*Problem details*:
Could you retype the lines below, starting at the line holding "After Image: Patient 21834 - front" and stopping at the line holding "Immagine di I", inclusive? Copy them exactly and drop the images.

*Data entries*:
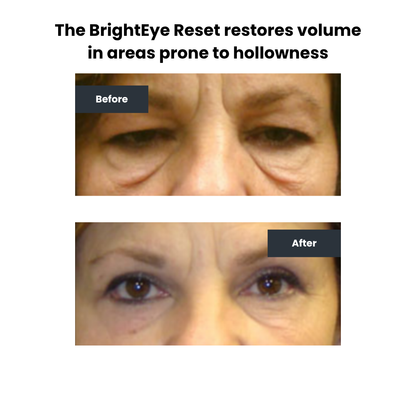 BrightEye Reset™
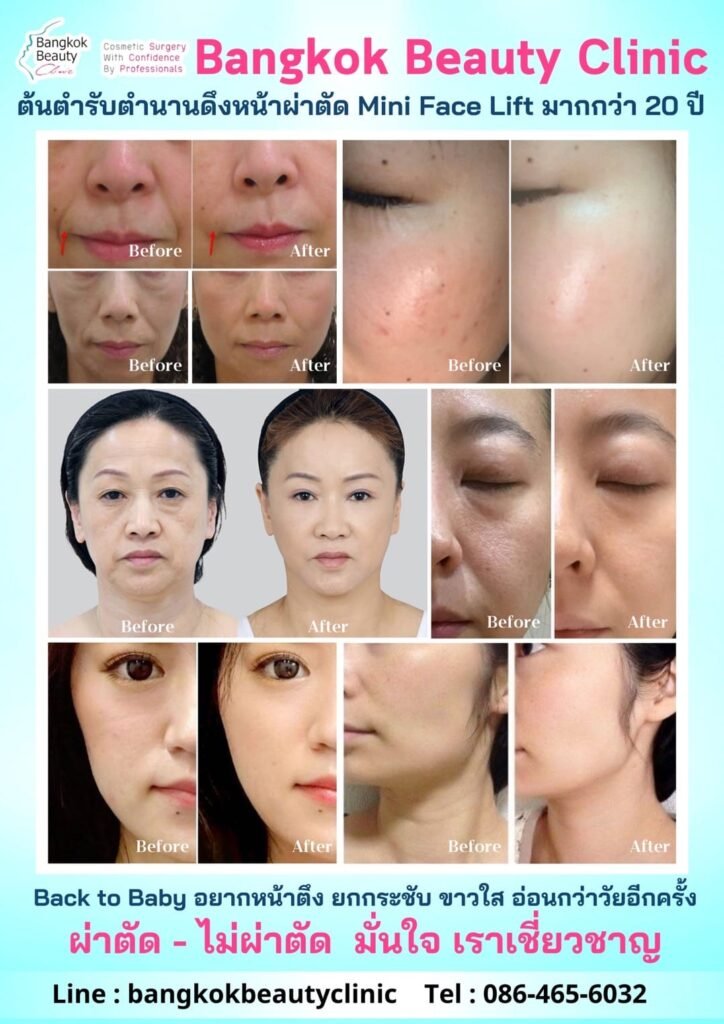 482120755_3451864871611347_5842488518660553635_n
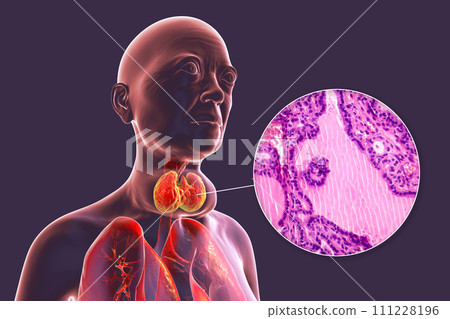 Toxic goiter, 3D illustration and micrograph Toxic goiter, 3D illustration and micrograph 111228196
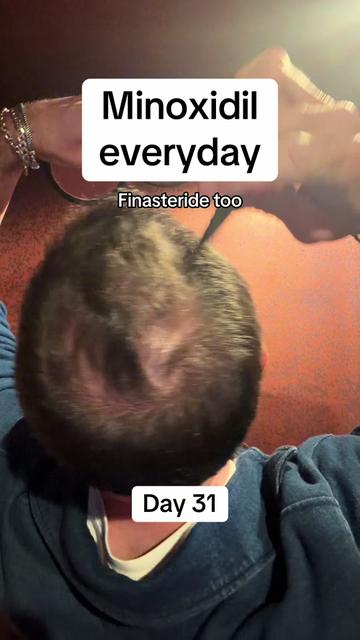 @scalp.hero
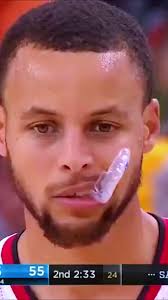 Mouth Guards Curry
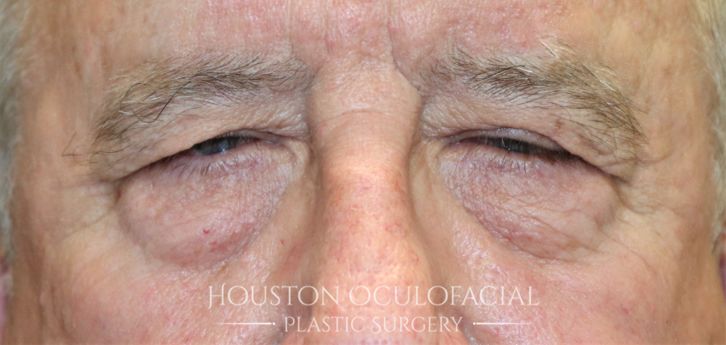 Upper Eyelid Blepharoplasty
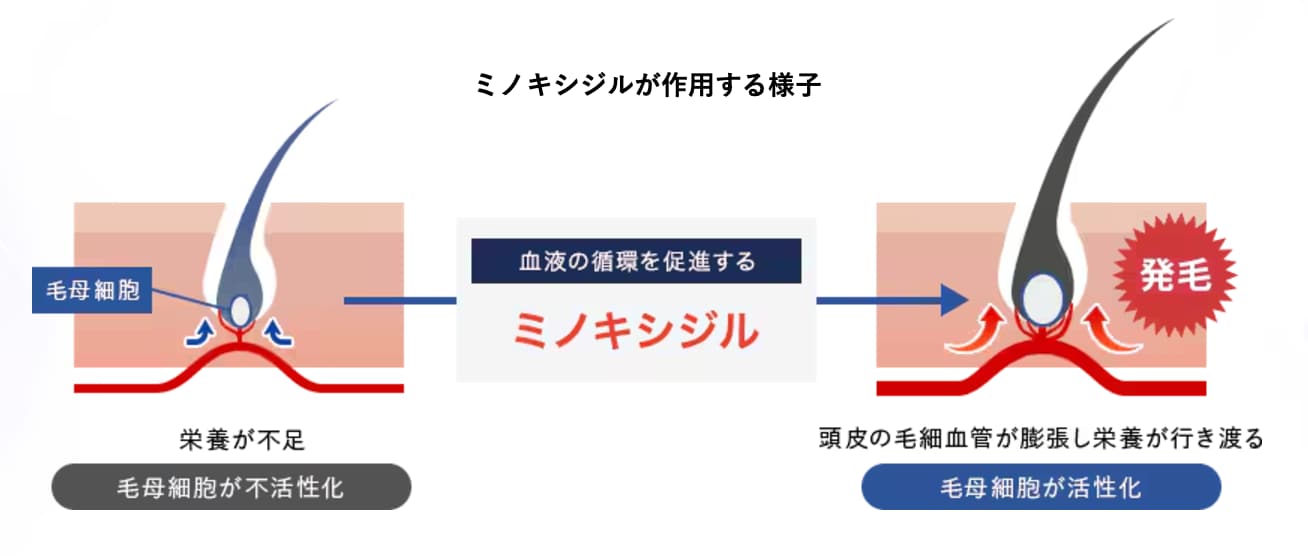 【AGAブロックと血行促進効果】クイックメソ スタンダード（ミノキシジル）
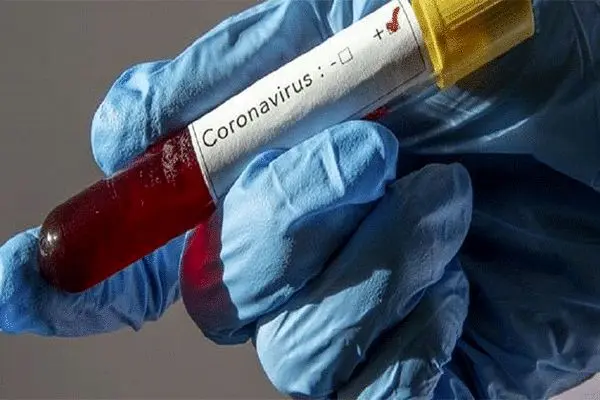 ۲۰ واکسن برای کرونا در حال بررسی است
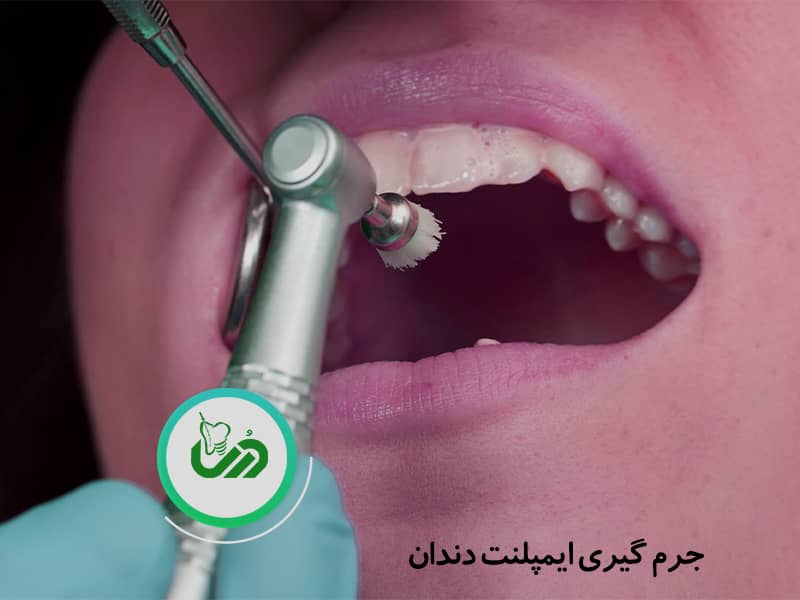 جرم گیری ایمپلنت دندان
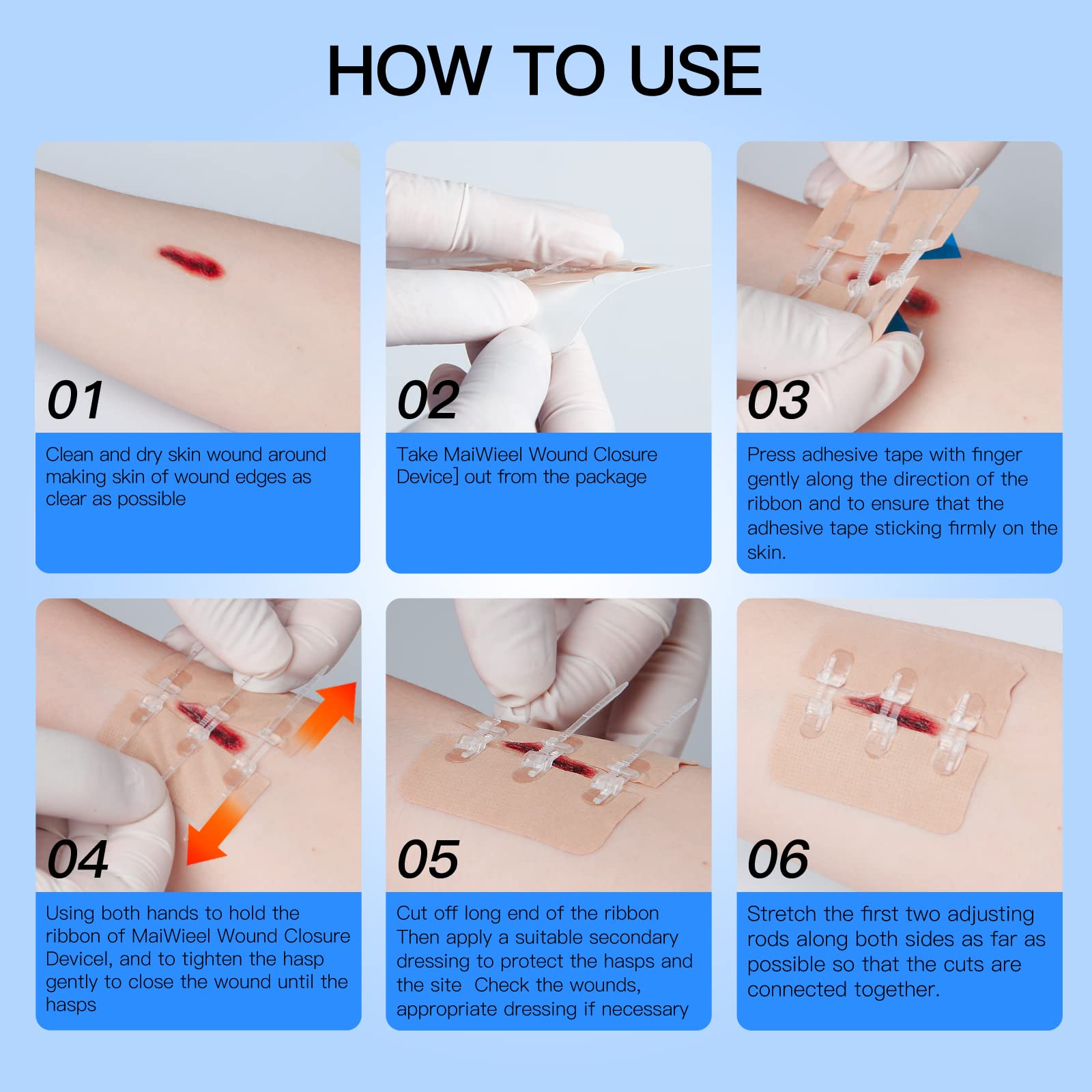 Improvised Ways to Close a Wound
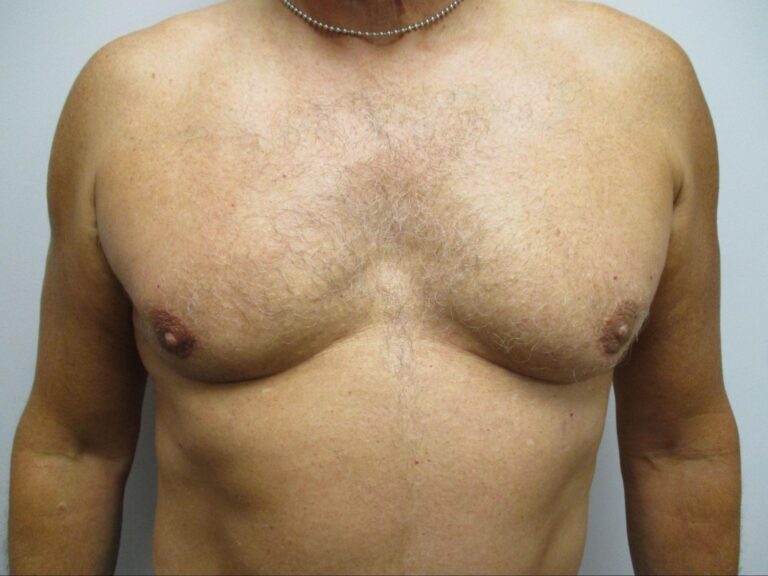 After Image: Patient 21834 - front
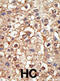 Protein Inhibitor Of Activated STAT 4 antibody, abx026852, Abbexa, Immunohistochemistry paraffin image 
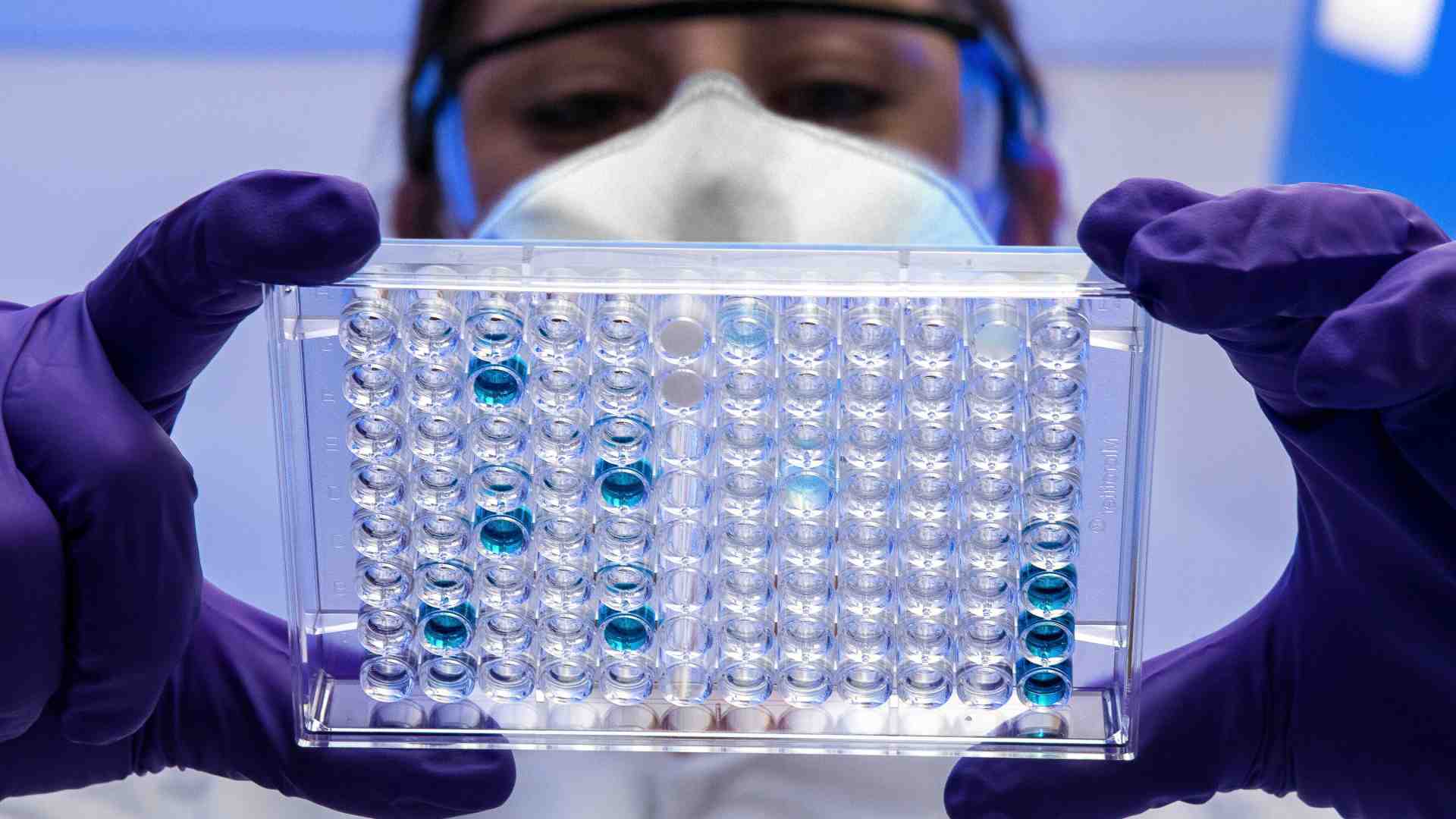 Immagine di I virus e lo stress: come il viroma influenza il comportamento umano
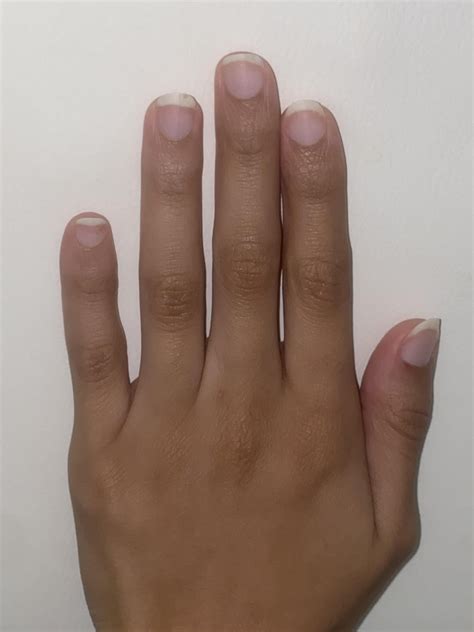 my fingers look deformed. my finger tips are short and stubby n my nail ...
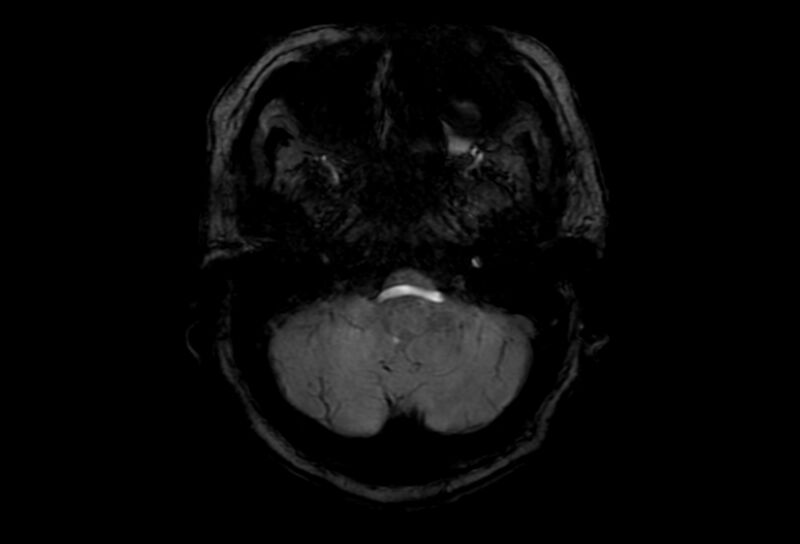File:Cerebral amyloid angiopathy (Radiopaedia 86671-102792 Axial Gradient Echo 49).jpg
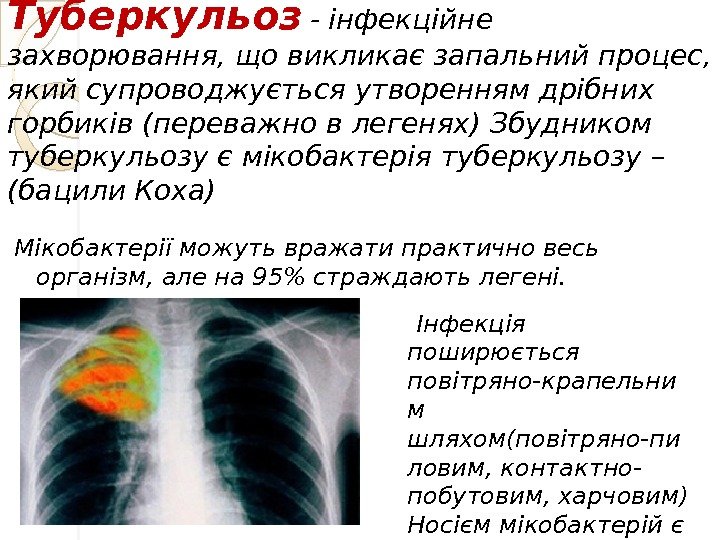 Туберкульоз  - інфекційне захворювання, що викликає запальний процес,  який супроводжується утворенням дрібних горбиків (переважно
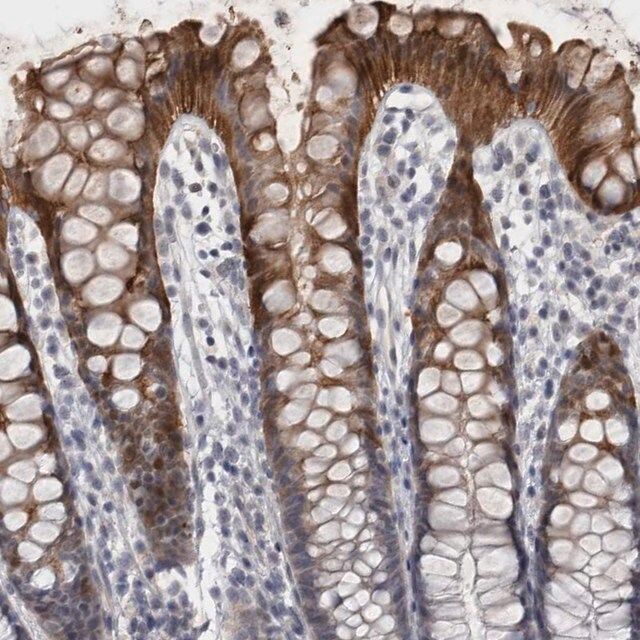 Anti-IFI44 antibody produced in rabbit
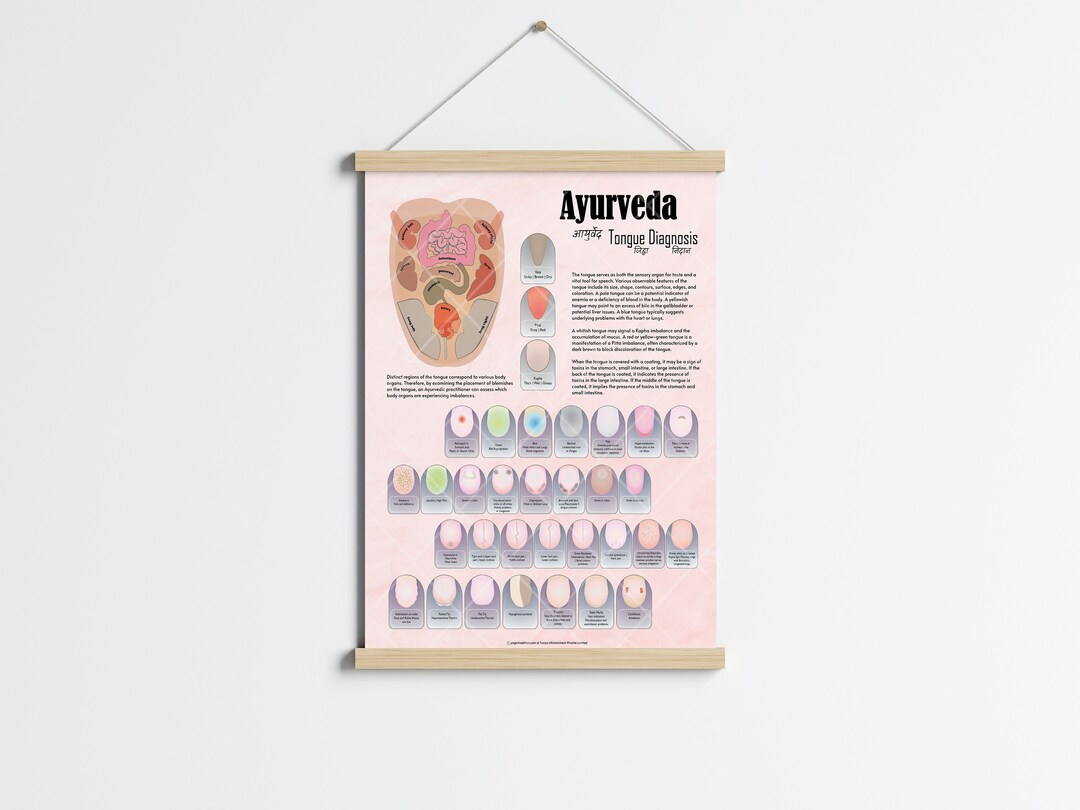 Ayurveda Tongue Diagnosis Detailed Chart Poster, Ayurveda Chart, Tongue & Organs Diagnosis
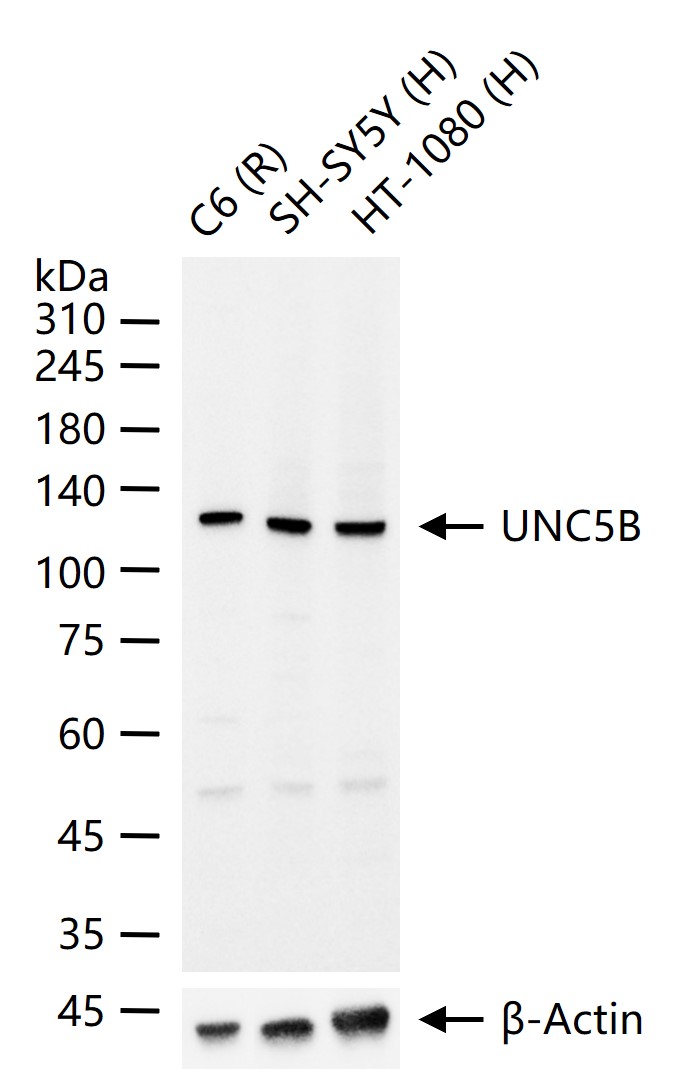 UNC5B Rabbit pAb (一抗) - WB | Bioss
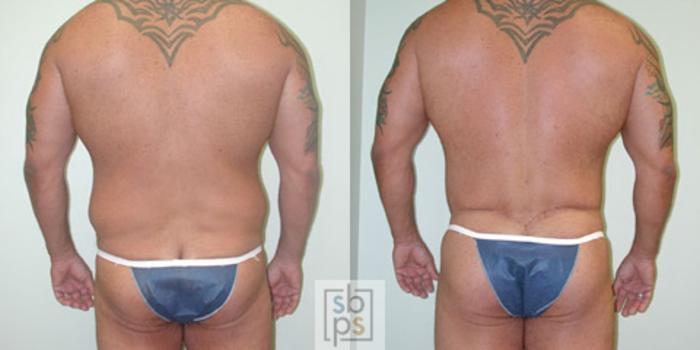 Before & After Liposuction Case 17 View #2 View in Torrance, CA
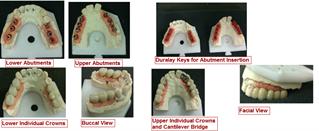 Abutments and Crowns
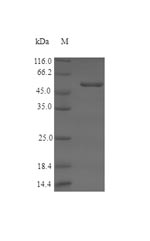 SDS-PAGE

*Response area*:
 After Image: Patient 21834 - front
 Protein Inhibitor Of Activated STAT 4 antibody, abx026852, Abbexa, Immunohistochemistry paraffin image 
 Immagine di I virus e lo stress: come il viroma influenza il comportamento umano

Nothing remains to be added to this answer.